A nimble Mastodon web client

https://elk.zone

MIT License

5.42k stars 558 forks source link

Link length not properly counted in status text #1880

Open zaidhaan opened 1 year ago

zaidhaan commented 1 year ago

Not to be overly pedantic but the URL matching overshoots a bit when compared to mastodon. Specifically, in this example, mastodon would not capture the right paren ):

foo (https://news.ycombinator.com/)

Mastodon counts 29 characters (500 - 471):

Elk counts 28:

This is an issue since now it's possible to achieve a elk-safe 500 character limit and then receive a 500 character limit exceeded error by Mastodon after submitting which would confuse the user.

So somewhere down the line we might need to update this: https://github.com/elk-zone/elk/blob/3732a2cc16b4de6cd60f4836151d4a3292c627fa/components/publish/PublishWidget.vue#L72

Since it includes the ending paren:

Mastodon themselves have their URL regex defined here: https://github.com/mastodon/mastodon/blob/1ed12d/app/javascript/mastodon/features/compose/util/url_regex.js (which relies on twitter-text)

stackblitz[bot] commented 1 year ago

Start a new pull request in StackBlitz Codeflow.
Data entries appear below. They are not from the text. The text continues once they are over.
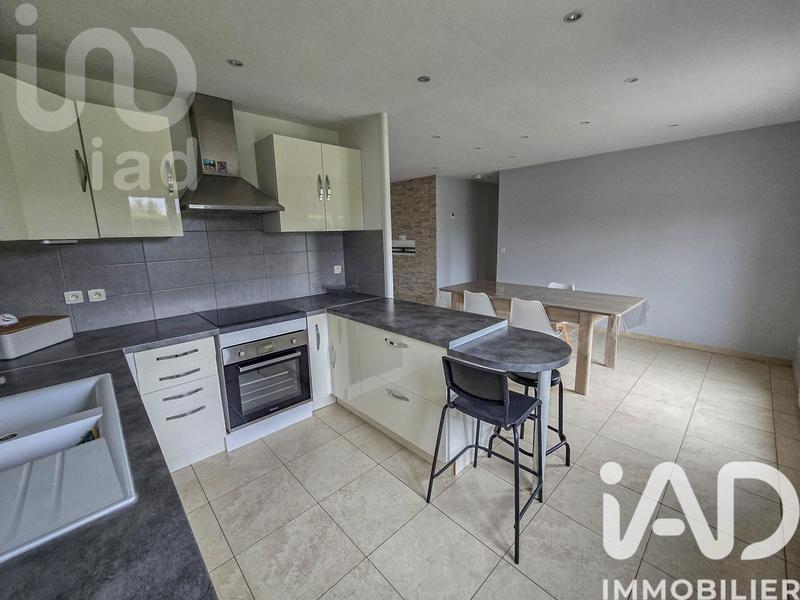 Maison - 88 m² - 4 pièces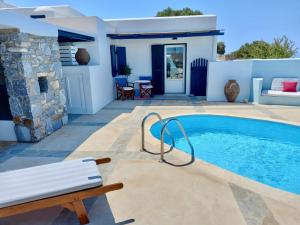 een villa met zwembad en huis bij Ferienhaus mit atemberaubendem Meerblick, privatem Pool und Whirlpool in Aliko Beach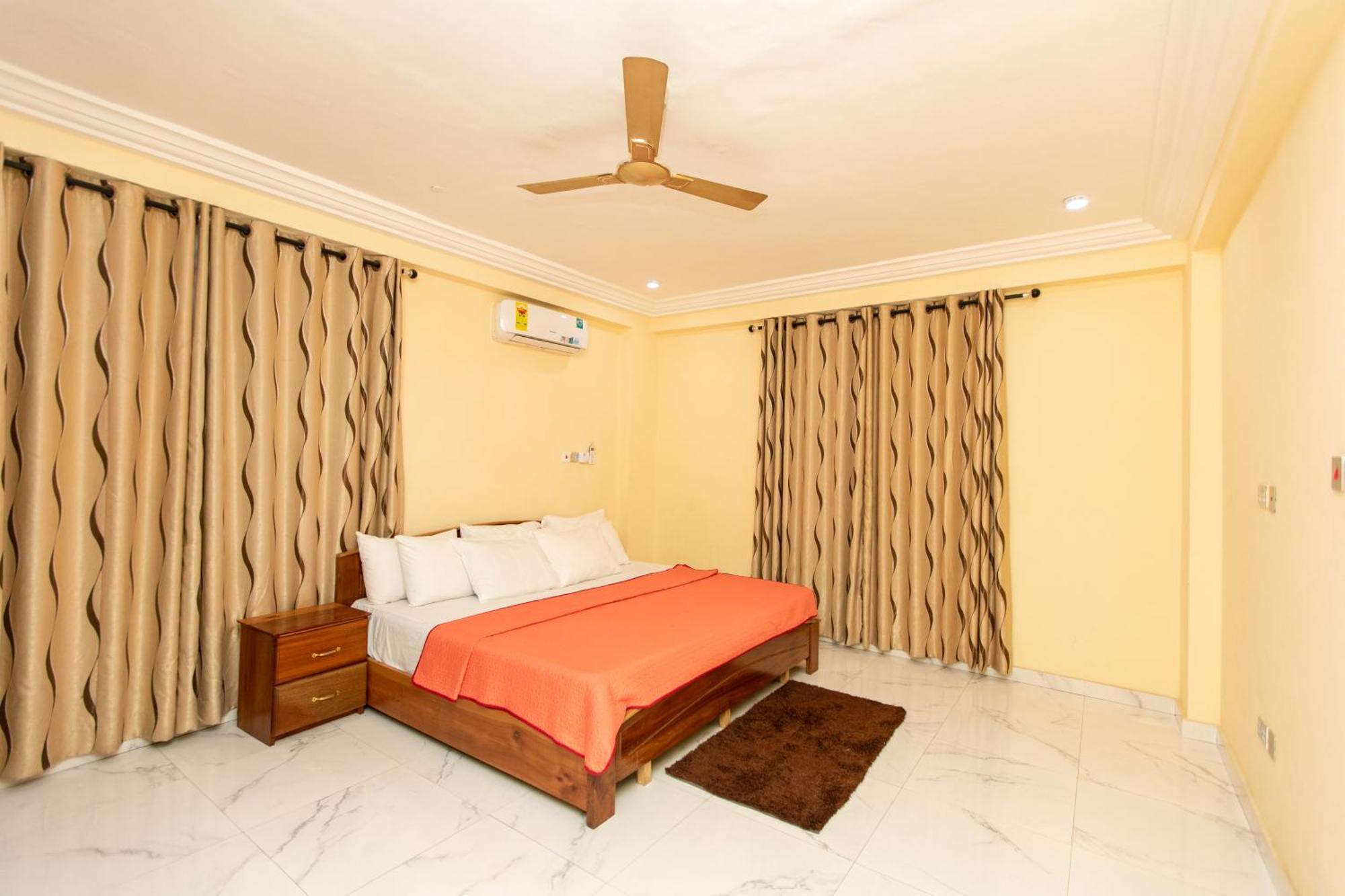 Washington Apartments - Just 25Mins Drive From The Airport Kwashieman Екстериор снимка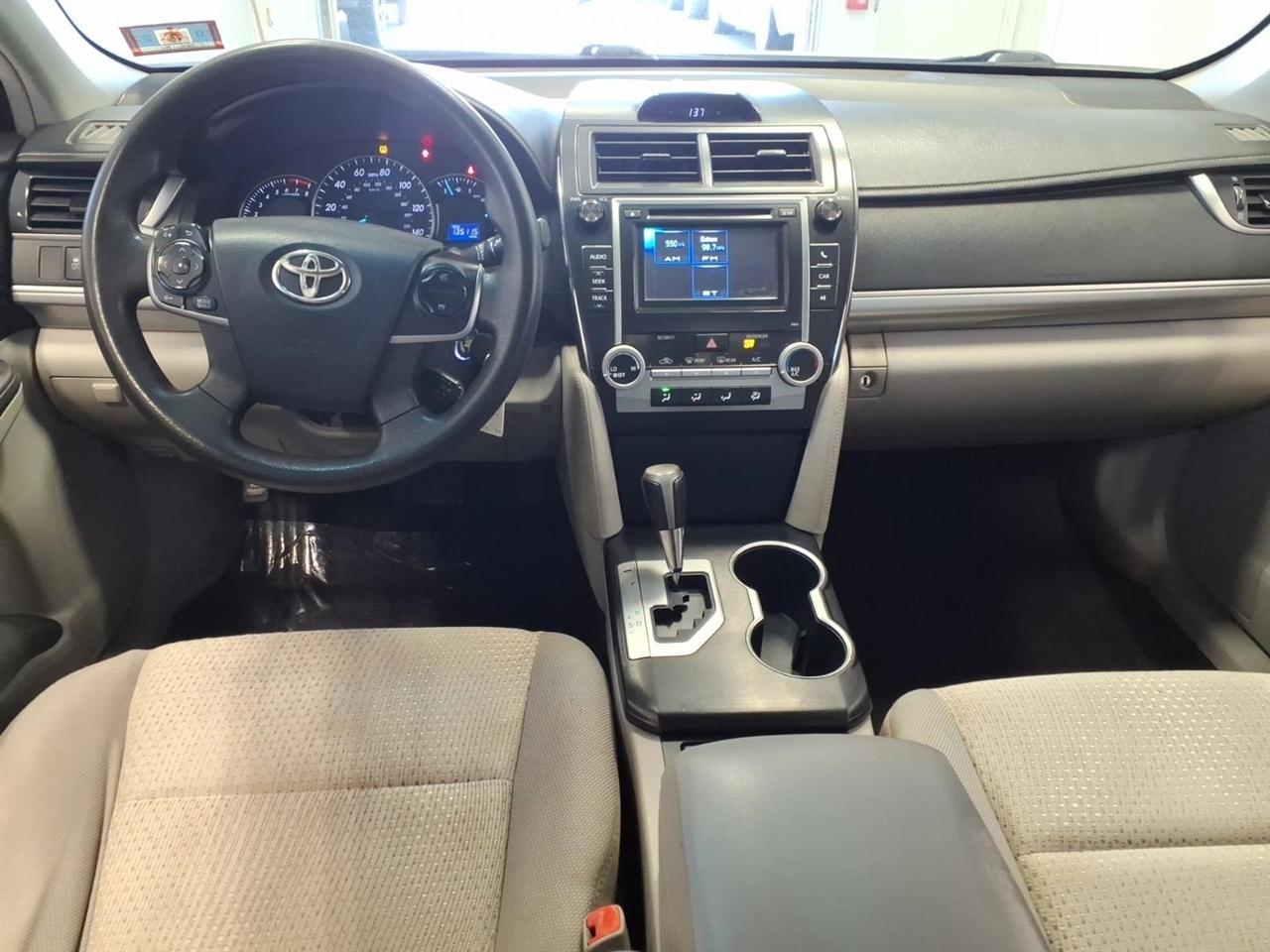 Toyota Camry 4dr Sdn I4 Auto LE (Natl) 2012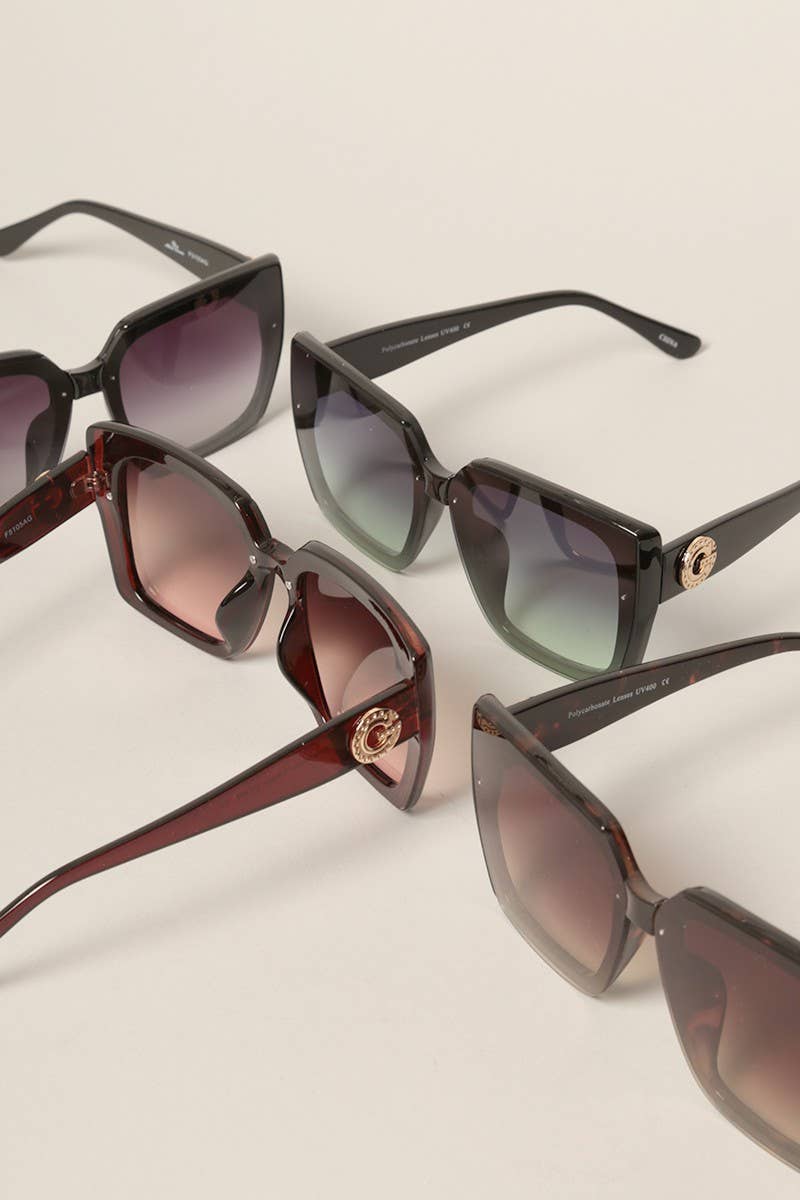 12 COULEURS ASSORTIES Lunettes de soleil carrées à verres teintés en vente sur Faire4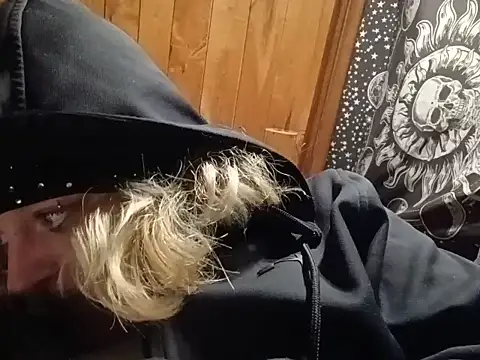 Czat XXX na żywo – KITTYBOOBOOFUXX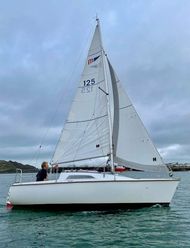 Hunter Medina 20' Trailer Sailer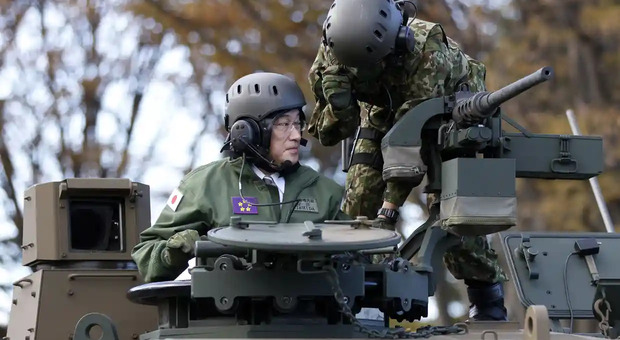 La svolta del Giappone: esercito più forte e addio posizione difensiva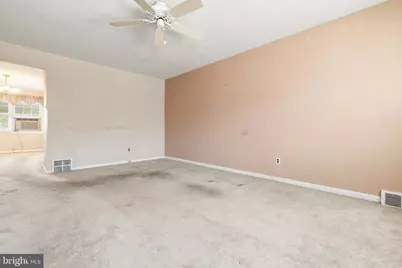 527 Martin Street, Philadelphia, PA 19128 - Photo 5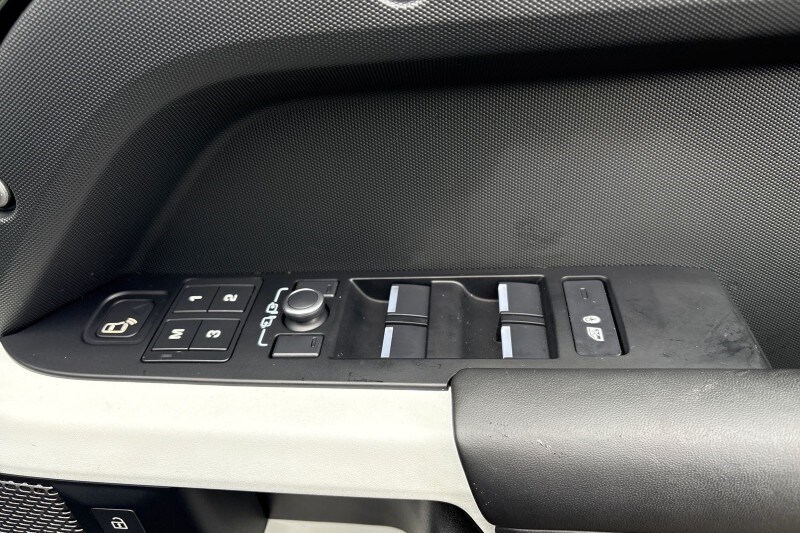 Used Land Rover Defender 2022 for sale - 78014765: Photo 24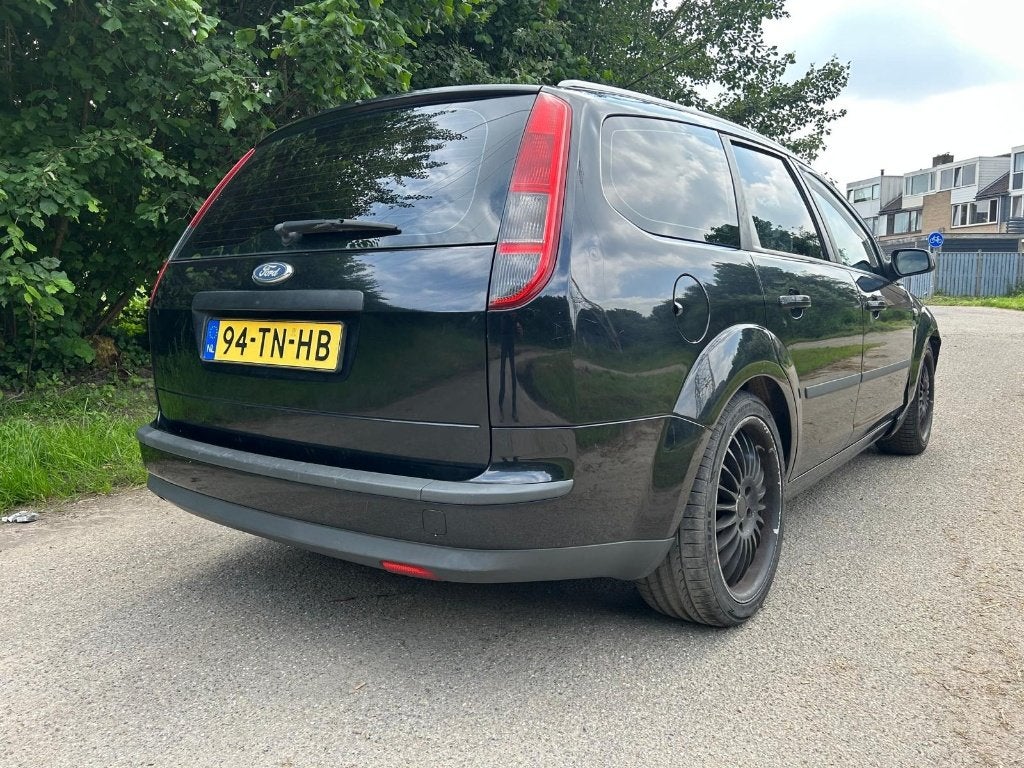 Ford Focus 1.6 85KW Wagon 2006 Zwart  9 mnd APK Banden nieuw, Auto's, 1596 cc, 4 cilinders, 635 kg, Zwart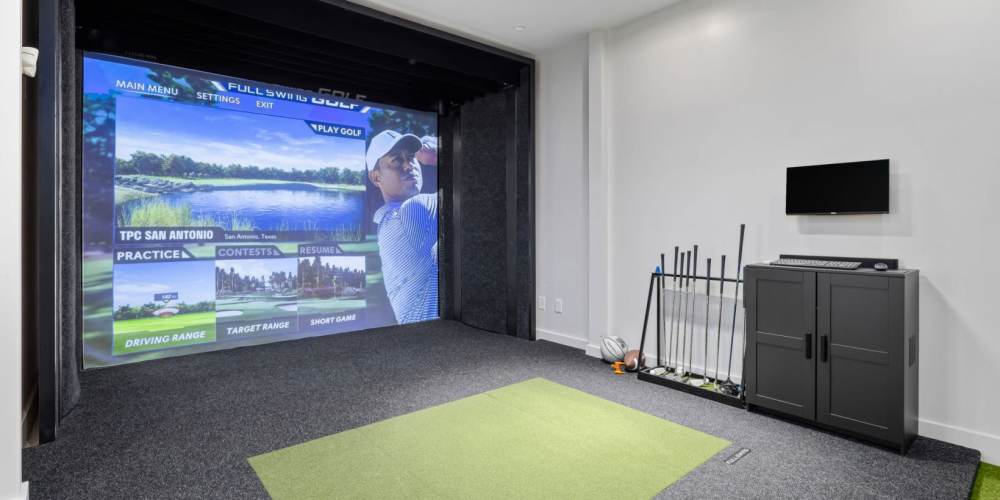 Indoor golf range Ashby at Twin Lakes in Morrisville, North Carolina
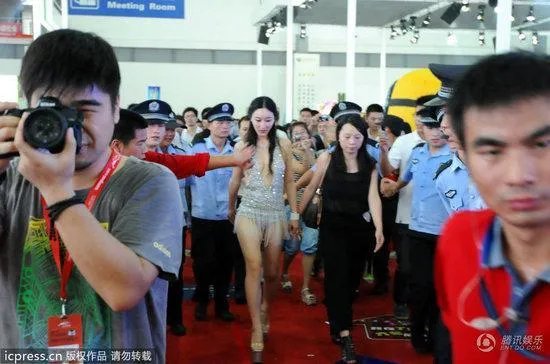 “湿露露”深V爆乳装亮相车展 尺度更胜干露露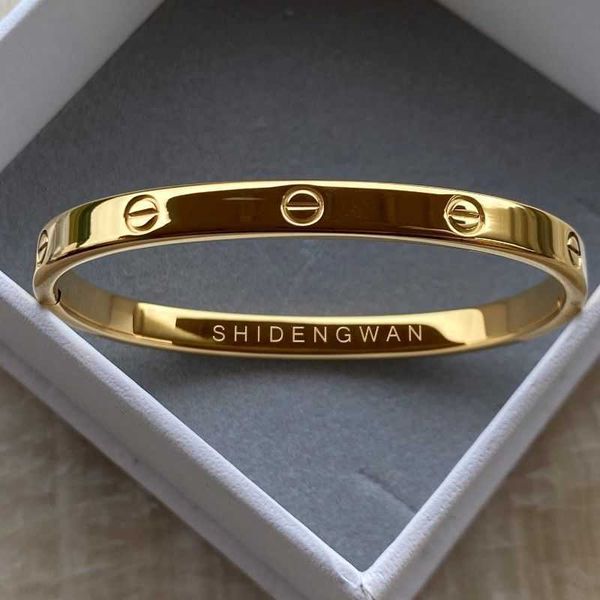 designer bracelet carti bangle new 18k rose gold bracelet womens red couple a pair of mens bracelets with high feeling, Black
designer bracelet carti bangle new 18k rose gold bracelet womens red couple a pair of mens bracelets with high feeling, Black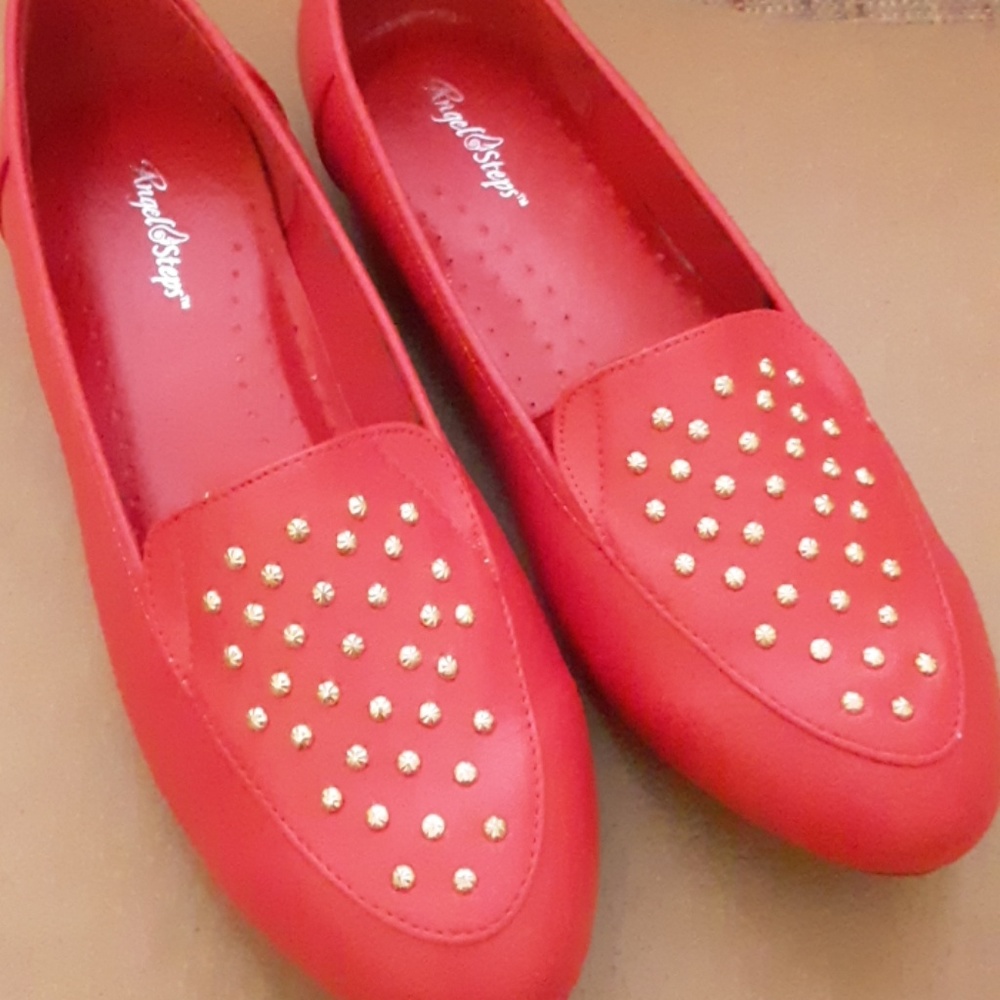 red loafers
patak-dev commented 1 year ago

Maybe we should use the exact same regex from Mastodon here? Including the use of twitter-text. What do you think?

zaidhaan commented 1 year ago

Hmm, yes I think that's the best solution.

(Since sure, we could modify the regex for this specific case to handle the ending by appending validUrlQueryEndingChars, but that would only address this specific issue, and would not address the underlying larger issue which is all the 23-char limit rules should apply on valid URLs, and the current simple regex doesn't understand valid URLs so even https://invalid_url_without_even_a_tld gets truncated. So it's probably best to go with twitter-text.)

I think I'll leave this for someone else to pick up since I'm not sure how to get these imports to play nice with TypeScript:

danielroe commented 1 year ago

Here's the full evaluated regexp, which I would recommend if we want to do this, rather than including the import.

https://github.com/elk-zone/elk/pull/1660#issuecomment-1419917158

zaidhaan commented 1 year ago

Thanks @danielroe, wow that's one heck of a beast, even crashed VS Code when I tried naively pasting it thinking it wouldn't exceed one line with wrapping enabled.

It feels a little dirty throwing in what seems to be a 14KiB regular expression just for truncating URLs, but I suppose if that's the best way to do it then that's what should be done.

I'll leave it to someone else to make the fix, just in case there's a better way. Crashing VS Code can't be a good sign :p

danielroe commented 1 year ago

I'm not sure the benefit is worth it. Just mentioning as it's pretty hard to see the actual regexp in the mastodon source code given that it is constructed dynamically at runtime.

patak-dev commented 1 year ago

Incredible. I agree using the full regex isn't worth it. One possible intermediate solution would be to use the regex in Mastodon as a base, but relax it until it is more manageable. It looks like a big chunk of it comes from the checking the domain is valid. That ends up bringing a harcoded lists of domains at some point for example. Maybe relaxing a few of these regexes from twitter could end up working out. I'm actually surprised Twitter and Mastodon are running this in the client 😮

ByCzech commented 1 year ago

Can confirm this bug. When URL in text is shorter than 23 chars, then isn't right counted. So for example, if URL has 19 chars, then is counted 19 instead of 23. Longer URLs are counted properly.